Kiara sudah menyiapkan hari yang ia tunggu sejak minggu lalu. Panggilan seleksi dari satu perusahaan yang ternama, sedang hits di ibukota. Rasanya deg-degan, semangat, khawatir, campur aduk. Tetapi ia sudah membaca beberapa artikel tentang cara menjawab pertanyaan wawancara. Ia harus menunjukkan antusiasme, sebagai pribadi yang menyenangi tantangan, mau berkembang, eksplorasi hal baru. Perusahaan mau terus berkembang, maka membutuhkan tim seperti ini!
Ia memiliki pengalaman sekitar 5 tahun di dua perusahaan. Perusahaan terakhir ini sudah berjalan sekitar 3,5 tahun. Sebenarnya ia senang, karena pekerjaan sudah lebih lancar, atasan pun sudah tidak banyak mengomel karena kesalahan kecil yang dulu ia lakukan. Ia tetap menempelkan CV di mesin pencari kerja online, siapa tahu ada panggilan lebih baik.
Proses seleksi ada beberapa tahap, cukup melelahkan juga. Ia pun tiba pada sesi interview, tidak sabar untuk menunjukkan dirinya yang penuh semangat. Pewawancara terlihat ramah dan santai, mempersilahkan minum sejak awal. Menyampaikan bahwa intinya sesi ini untuk mengetahui pengalaman kerja. Ia pun lancar menceritakan tugas dan proses sehari-hari di tempat kerja.
Ia mulai terhenyak ketika pewawancara beberapa kali menanyakan alasan pindah. Ia sudah menyampaikan butuh tantangan baru, meningkatkan diri, eksplorasi kemampuan tapi sepertinya jawaban itu tidak dipahami juga, apalagi terpukau. Padahal itu jawaban yang jujur, memang tidak ada masalah di kantor sekarang. Ia ingin yang berbeda saja. Saat pewawancara kembali bertanya ekspektasi kerja di perusahaan baru, ia mulai lebih berpikir. Rasanya jawaban eksplorasi juga tidak akan membuat pewawancara percaya, tapi spontan jawaban itu keluar. Benar saja, pewawancara tersenyum dan menyambar dengan pertanyaan lanjut: eksplorasi bagaimana?
Kiara keluar ruang interview dengan penuh tanya. Mengapa semua jawaban mendapatkan pertanyaan yang berulang. Mungkin semua hanya menguji mental saja, atau memang ia tidak meyakinkan dan tidak lolos? Pertanyaan ini mengusik tapi sepertinya tidak ada pilihan selain menunggu pengumuman selanjutnya.

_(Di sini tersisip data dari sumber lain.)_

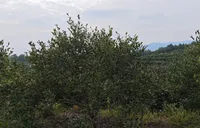 双重保障！中华财险油茶种植保险护航产业发展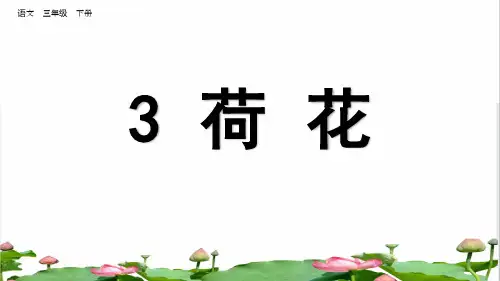 统编版三年级语文下册第一单元第3课《荷花》(教学课件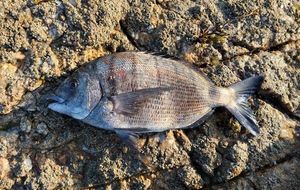 White Seabream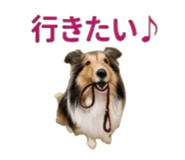 840641495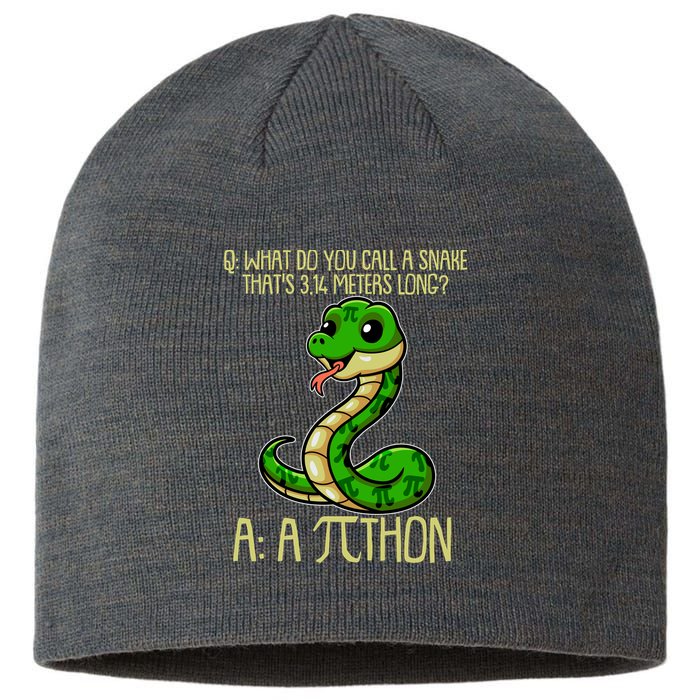 Funny Pi Day 314 PiThon Python Snake Joke Sustainable Beanie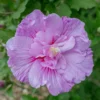 Hibiscus Syriacus Lavender Chiffon ('Notwoodone') (PBR) (Chiffon Series)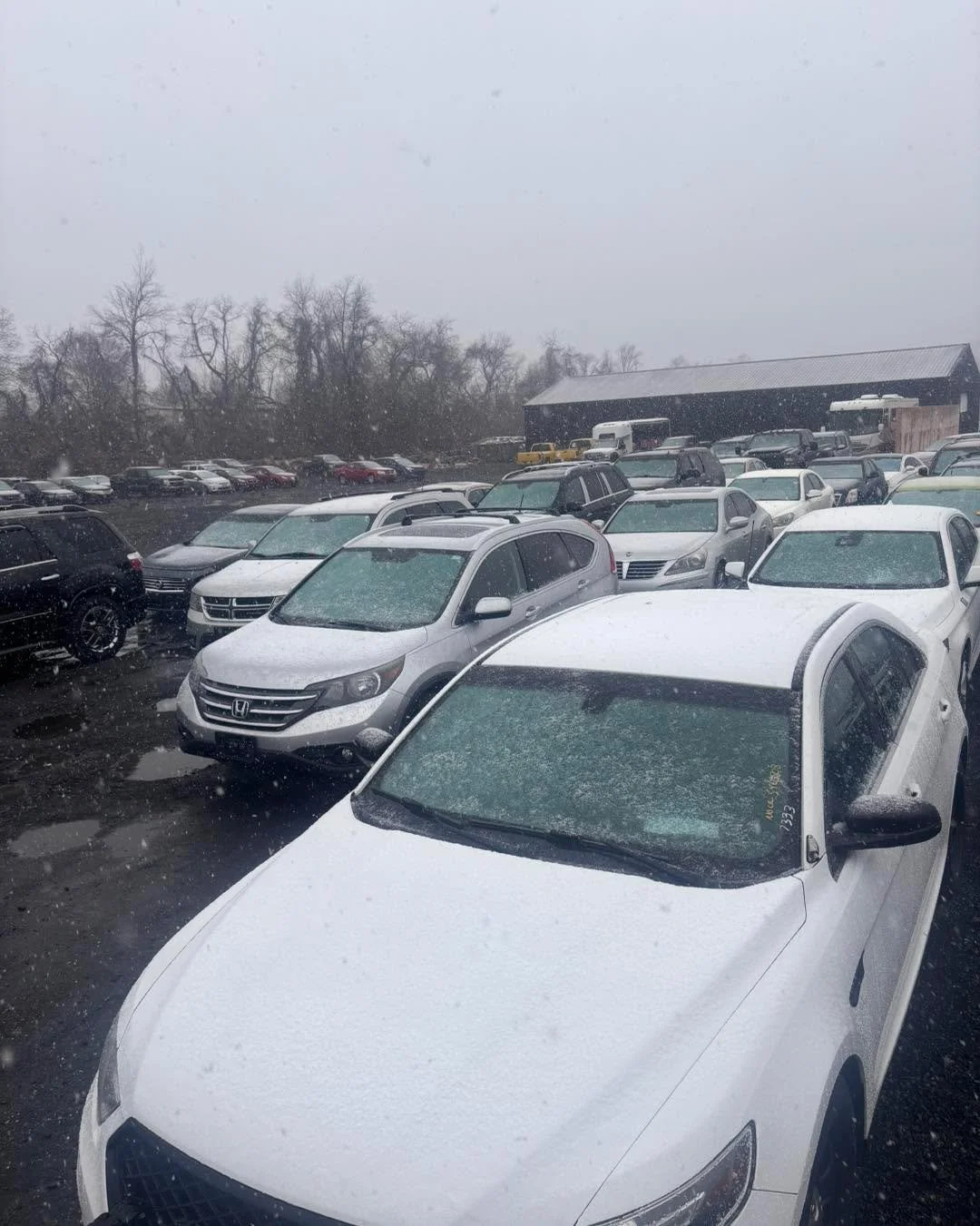 ❄️ Snow or Rain&hellip; The Auction Still Rolls On! 🚗💨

Pada dasarnya, kalimat, “Show me, don’t Tell” sangat berlaku dalam proses seleksi, termasuk interview. Bila Anda menilai diri sebagai orang yang senang tantangan, tunjukkan dengan pengalaman. Bukan dengan beribu kali mengatakan dalam kalimat. Pernyataan ini tidak akan memukau pewawancara.
Berikan pengalaman nyata, seperti melakukan perbaikan proses kerja, mengusulkan dan melakukan proses perubahan, mengelola tugas kompleks, menantang, memperbaiki kesalahan kerja, dan lainnya. Jelaskan secara sistematis. Gunakan prinsip STAR: situasi, task, action, result. Jelaskan peran Anda dalam pengalaman ini.
Jika Anda sendiri tidak tahu secara pasti tujuan pindah ke perusahaan baru, ingatlah, tidak ada perusahaan/lembaga yang senang menjadi tempat percobaan. Bagaimana bila memang tidak ada konflik pemicu pindah, namun rasa bosan? Perasaan ini sebenarnya wajar, namun persiapkan diri untuk menceritakan usaha selama ini mengatasi rasa bosan. Bila ingin berkembang, meningkatkan diri. Ceritakan usaha selama ini meningkatkan diri. Bila alasan Anda adalah, siapa tahu ada perusahaan yang lebih baik, posisi yang lebih baik. Perjelas ekspektasi ini, sehingga tidak terlihat sebagai tindakan iseng.
Ibaratnya, bila saya adalah product designer yang ingin tantangan, maka saya akan melamar ke perusahaan level Asia atau mengikuti kompetisi level Asia. Selama ini saya telah menghasilkan produk yang setidaknya masuk top three dalam penjualan perusahaan. Mengapa, karena saya bersaing dengan kandidat dari berbagai negara. Saya pun harus mempersiapkan diri mengacu pada standar desainer regional. Saya mempelajari karakter tersebut, pernah mencoba kompetisi desain level Asia Tenggara. Bila pengalaman ini yang kandidat paparkan, maka motivasi akan belajar hal baru, ingin mengembangkan ilmu di tempat baru, bukanlah angan-angan.